*** Block opens ***

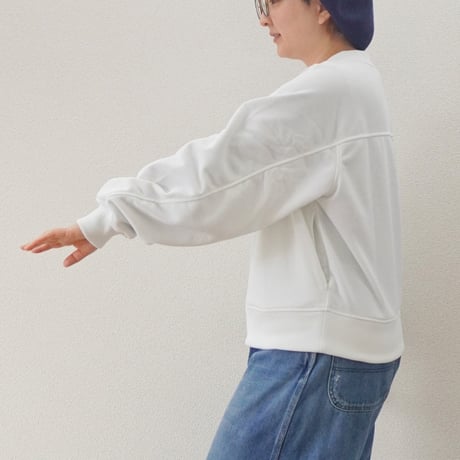 2色＊ユニセックス＊LA MOND-ラモンド-STITCH WORK LIGHT SWEAT
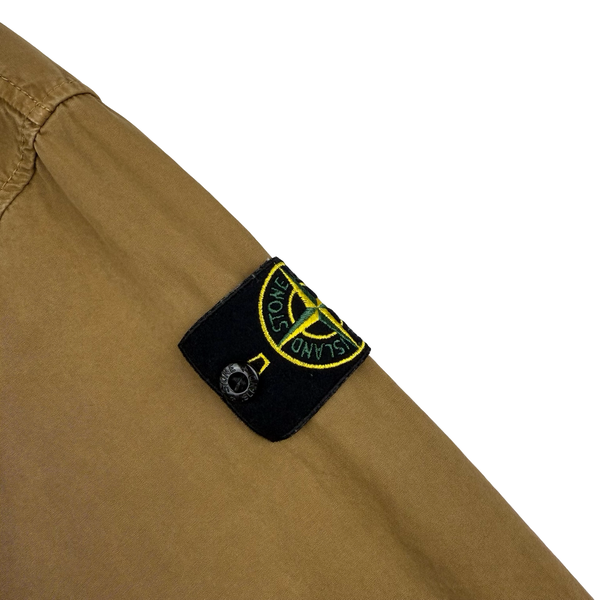 Stone Island 2023 Tan Cotton Overshirt - XL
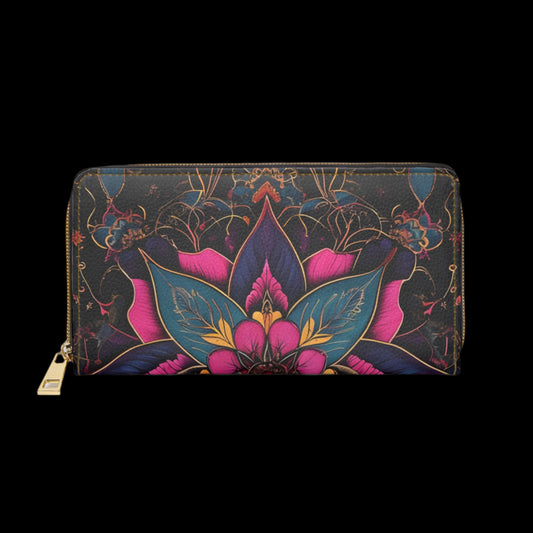 💎✨ Mystical Magic: The Enchanted Zippered Wallet of Elegance & Wonder 🔮💖🌙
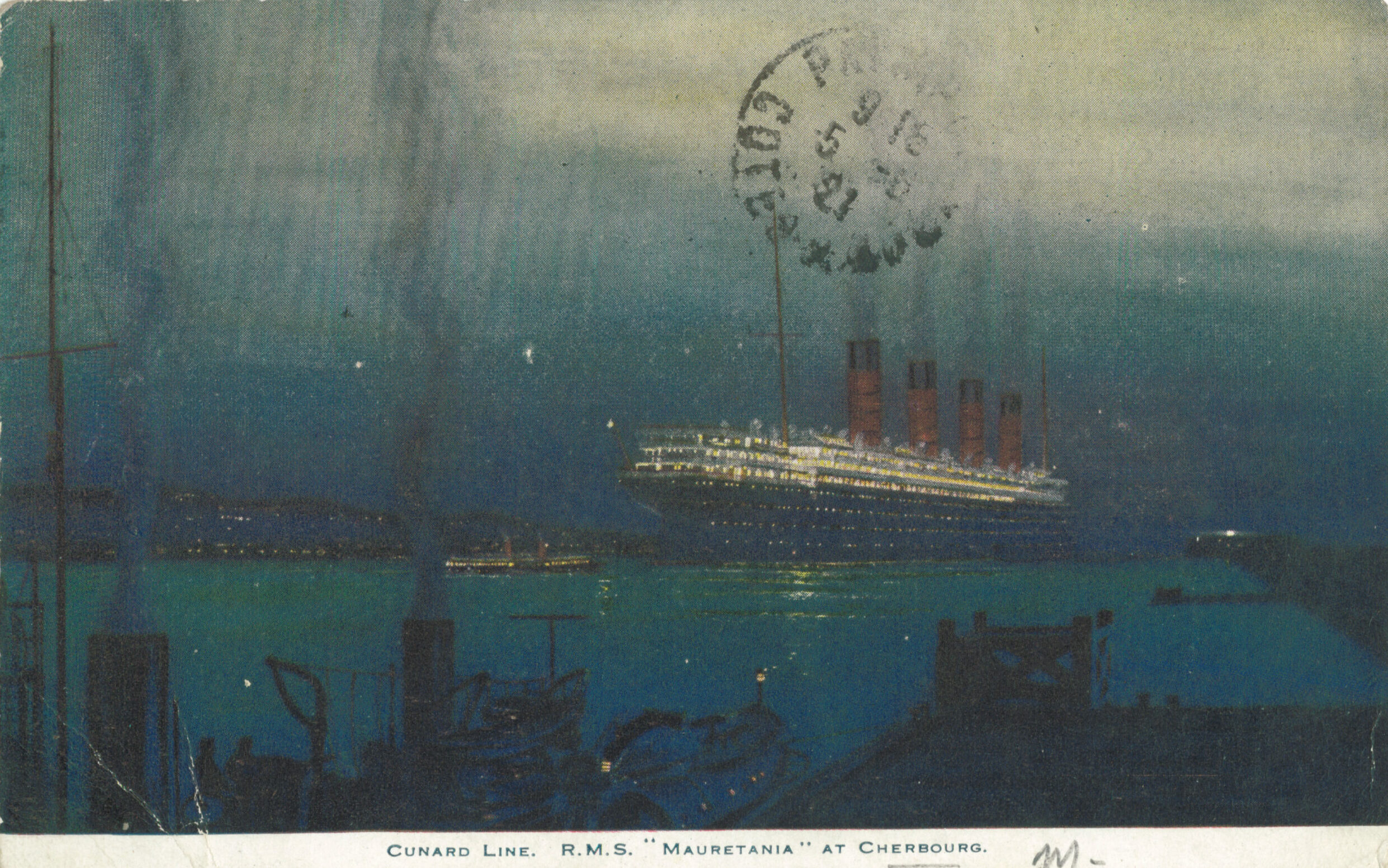 Paquebot Mauretania de la Cunard Line © La Cité de la Mer – Collection J.PIVAIN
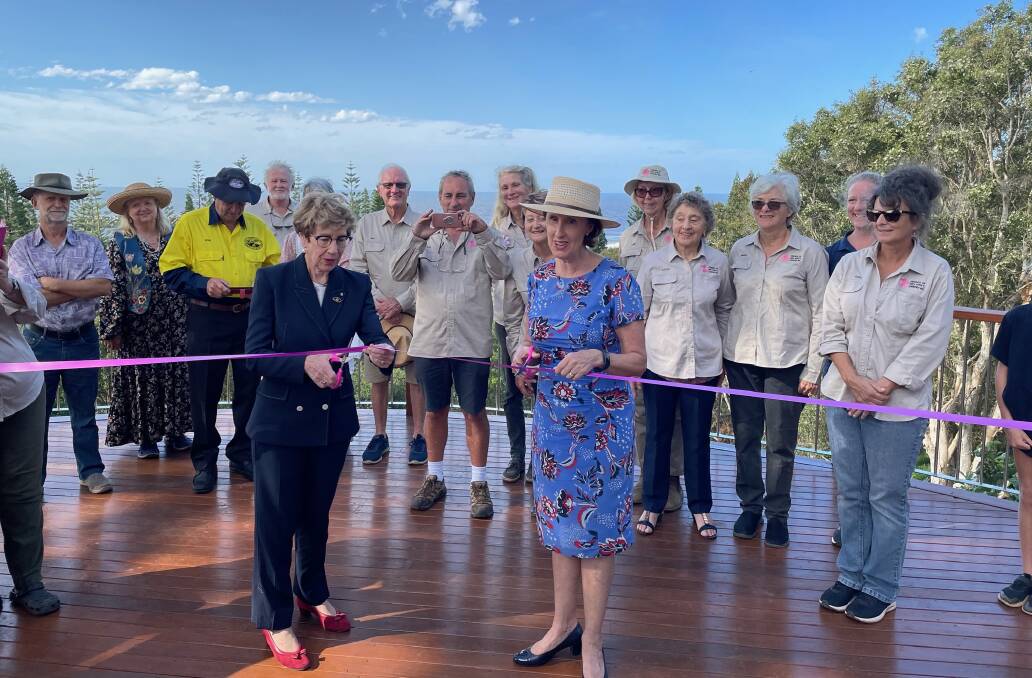 NSW Governor Her Excellency the Honourable Margaret Beazley AC QC joined Member for Port Macquarie Leslie Williams and the Friends of Mrs York's Garden at the opening of the new viewing platform.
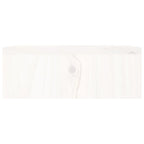 Soporte de monitor madera maciza de pino blanco 100x27x10 cm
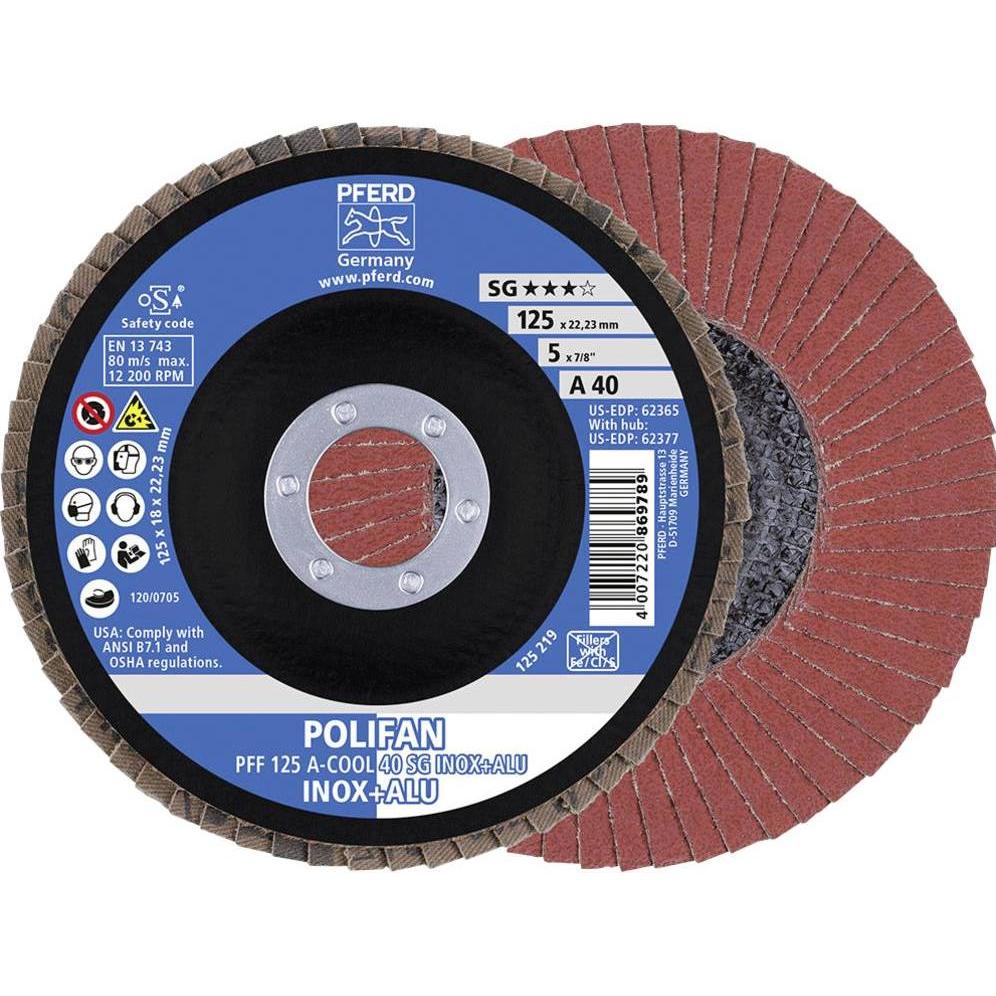 Pferd, Schleifmittel, POLIFANFächerscheibe PFF ACOOL 40 SG INOX ALU (40)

*** Block closes ***

YOUR INSTRUCTIONS - Restate each entry word for word. Omit every picture.

EXPECTED OUTPUT -
 2色＊ユニセックス＊LA MOND-ラモンド-STITCH WORK LIGHT SWEAT
 Stone Island 2023 Tan Cotton Overshirt - XL
 💎✨ Mystical Magic: The Enchanted Zippered Wallet of Elegance & Wonder 🔮💖🌙
 Paquebot Mauretania de la Cunard Line © La Cité de la Mer – Collection J.PIVAIN
 NSW Governor Her Excellency the Honourable Margaret Beazley AC QC joined Member for Port Macquarie Leslie Williams and the Friends of Mrs York's Garden at the opening of the new viewing platform.
 Soporte de monitor madera maciza de pino blanco 100x27x10 cm
 Pferd, Schleifmittel, POLIFANFächerscheibe PFF ACOOL 40 SG INOX ALU (40)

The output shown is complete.